Instructions for the task
Go to the line below containing "693 E 480 S, Hyrum, UT 84319 - Photo 4" and print exactly from there through the line containing "Mischa Zverev auf einem Tennisplatz mit Fans", both included. Print nothing else.

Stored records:
■ ■ ■
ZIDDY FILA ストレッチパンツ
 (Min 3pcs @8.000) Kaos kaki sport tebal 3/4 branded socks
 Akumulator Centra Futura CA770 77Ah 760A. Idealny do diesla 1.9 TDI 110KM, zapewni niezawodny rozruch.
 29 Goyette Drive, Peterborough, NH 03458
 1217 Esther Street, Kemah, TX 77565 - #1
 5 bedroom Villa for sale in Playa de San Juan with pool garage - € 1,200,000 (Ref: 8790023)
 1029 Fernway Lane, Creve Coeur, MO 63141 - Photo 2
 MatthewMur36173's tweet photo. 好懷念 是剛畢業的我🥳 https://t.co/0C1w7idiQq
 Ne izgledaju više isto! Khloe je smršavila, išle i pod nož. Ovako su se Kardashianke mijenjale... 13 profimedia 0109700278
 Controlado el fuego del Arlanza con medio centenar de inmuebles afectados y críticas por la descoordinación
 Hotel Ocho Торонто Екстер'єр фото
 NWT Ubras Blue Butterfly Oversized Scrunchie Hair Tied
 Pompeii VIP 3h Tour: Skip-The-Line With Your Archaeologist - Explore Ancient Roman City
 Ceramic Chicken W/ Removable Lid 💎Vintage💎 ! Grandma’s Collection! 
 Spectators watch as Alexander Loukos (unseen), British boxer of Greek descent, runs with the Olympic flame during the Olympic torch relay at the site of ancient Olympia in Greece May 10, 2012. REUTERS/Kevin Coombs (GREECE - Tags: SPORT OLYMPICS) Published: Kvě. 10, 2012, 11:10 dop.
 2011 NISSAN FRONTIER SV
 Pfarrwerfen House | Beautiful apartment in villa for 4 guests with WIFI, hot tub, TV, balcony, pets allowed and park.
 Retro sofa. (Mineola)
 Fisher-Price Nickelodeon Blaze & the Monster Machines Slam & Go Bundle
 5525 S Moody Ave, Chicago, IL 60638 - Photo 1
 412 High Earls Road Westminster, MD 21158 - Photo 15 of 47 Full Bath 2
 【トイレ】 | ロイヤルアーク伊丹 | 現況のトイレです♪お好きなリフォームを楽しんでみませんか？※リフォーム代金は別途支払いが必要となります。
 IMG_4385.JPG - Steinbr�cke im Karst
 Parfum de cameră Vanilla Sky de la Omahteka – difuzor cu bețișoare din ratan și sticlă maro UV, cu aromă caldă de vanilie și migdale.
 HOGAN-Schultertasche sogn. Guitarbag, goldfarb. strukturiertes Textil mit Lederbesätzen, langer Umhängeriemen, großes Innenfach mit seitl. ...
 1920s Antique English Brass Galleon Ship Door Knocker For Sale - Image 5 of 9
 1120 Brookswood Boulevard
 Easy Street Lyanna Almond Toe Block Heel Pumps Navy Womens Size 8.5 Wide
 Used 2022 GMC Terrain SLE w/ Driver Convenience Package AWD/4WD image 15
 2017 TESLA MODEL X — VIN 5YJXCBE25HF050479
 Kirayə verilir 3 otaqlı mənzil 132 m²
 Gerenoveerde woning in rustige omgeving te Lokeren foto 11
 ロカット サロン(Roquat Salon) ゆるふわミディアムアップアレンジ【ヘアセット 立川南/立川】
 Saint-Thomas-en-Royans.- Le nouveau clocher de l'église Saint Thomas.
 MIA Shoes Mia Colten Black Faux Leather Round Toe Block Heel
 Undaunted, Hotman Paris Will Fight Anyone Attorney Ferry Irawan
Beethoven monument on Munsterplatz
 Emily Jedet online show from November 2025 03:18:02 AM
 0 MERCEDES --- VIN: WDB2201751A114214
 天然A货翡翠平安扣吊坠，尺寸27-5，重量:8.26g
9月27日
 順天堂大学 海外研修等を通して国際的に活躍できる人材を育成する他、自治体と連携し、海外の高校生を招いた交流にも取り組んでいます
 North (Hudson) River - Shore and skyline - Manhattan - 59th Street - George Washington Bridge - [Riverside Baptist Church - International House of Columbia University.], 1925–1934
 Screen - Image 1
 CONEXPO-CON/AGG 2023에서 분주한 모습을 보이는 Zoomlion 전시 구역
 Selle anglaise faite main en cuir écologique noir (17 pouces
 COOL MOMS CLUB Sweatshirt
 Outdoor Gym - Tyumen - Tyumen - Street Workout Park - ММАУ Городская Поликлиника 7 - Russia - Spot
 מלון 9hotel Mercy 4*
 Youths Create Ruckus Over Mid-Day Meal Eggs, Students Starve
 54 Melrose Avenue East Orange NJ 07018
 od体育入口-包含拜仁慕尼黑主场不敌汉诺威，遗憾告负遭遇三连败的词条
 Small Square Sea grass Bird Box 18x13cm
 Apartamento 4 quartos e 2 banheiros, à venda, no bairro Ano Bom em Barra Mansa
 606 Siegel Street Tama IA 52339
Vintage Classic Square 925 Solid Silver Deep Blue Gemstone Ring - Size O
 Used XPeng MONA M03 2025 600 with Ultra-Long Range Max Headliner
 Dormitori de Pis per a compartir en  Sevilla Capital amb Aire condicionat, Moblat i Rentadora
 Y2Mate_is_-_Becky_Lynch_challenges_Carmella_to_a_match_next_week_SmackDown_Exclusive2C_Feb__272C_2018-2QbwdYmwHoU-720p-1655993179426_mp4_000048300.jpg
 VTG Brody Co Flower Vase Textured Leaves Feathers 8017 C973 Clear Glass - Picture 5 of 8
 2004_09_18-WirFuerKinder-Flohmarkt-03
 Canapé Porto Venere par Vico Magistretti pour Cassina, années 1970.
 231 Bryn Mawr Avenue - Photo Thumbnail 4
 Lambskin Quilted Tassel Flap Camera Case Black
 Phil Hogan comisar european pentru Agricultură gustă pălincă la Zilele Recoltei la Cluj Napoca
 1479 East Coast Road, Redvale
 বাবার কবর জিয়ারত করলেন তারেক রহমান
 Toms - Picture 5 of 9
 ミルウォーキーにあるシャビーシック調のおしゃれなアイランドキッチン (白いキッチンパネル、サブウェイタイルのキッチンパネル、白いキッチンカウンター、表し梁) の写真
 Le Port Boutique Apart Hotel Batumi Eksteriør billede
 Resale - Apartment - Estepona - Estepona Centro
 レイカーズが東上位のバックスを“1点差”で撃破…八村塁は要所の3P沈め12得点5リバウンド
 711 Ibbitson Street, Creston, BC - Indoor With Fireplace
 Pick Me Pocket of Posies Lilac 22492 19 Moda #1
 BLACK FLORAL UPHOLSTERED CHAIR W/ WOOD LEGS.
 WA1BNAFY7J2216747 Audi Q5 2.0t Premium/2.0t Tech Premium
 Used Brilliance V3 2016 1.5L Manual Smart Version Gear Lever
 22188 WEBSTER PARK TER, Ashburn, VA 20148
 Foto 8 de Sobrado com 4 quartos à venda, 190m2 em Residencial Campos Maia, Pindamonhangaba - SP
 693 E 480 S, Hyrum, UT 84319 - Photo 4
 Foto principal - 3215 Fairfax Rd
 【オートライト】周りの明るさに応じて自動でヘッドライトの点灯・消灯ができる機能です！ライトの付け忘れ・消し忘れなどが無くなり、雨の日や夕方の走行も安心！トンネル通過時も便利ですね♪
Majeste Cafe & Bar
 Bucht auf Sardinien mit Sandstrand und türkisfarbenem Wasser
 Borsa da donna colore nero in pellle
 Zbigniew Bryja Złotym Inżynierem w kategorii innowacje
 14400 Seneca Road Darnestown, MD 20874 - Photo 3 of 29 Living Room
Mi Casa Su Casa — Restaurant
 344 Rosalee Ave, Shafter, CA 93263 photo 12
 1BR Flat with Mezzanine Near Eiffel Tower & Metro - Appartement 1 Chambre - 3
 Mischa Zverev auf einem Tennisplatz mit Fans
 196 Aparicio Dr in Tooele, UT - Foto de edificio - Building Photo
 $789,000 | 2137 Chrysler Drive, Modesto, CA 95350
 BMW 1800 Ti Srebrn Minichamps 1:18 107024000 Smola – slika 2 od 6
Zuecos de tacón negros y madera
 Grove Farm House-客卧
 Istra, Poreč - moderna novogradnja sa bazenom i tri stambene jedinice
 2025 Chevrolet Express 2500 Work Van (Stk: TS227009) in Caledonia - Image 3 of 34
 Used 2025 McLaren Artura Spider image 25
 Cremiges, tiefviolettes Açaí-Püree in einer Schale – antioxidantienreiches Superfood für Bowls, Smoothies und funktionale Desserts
■ ■ ■
Answer section
 693 E 480 S, Hyrum, UT 84319 - Photo 4
 Foto principal - 3215 Fairfax Rd
 【オートライト】周りの明るさに応じて自動でヘッドライトの点灯・消灯ができる機能です！ライトの付け忘れ・消し忘れなどが無くなり、雨の日や夕方の走行も安心！トンネル通過時も便利ですね♪
Majeste Cafe & Bar
 Bucht auf Sardinien mit Sandstrand und türkisfarbenem Wasser
 Borsa da donna colore nero in pellle
 Zbigniew Bryja Złotym Inżynierem w kategorii innowacje
 14400 Seneca Road Darnestown, MD 20874 - Photo 3 of 29 Living Room
Mi Casa Su Casa — Restaurant
 344 Rosalee Ave, Shafter, CA 93263 photo 12
 1BR Flat with Mezzanine Near Eiffel Tower & Metro - Appartement 1 Chambre - 3
 Mischa Zverev auf einem Tennisplatz mit Fans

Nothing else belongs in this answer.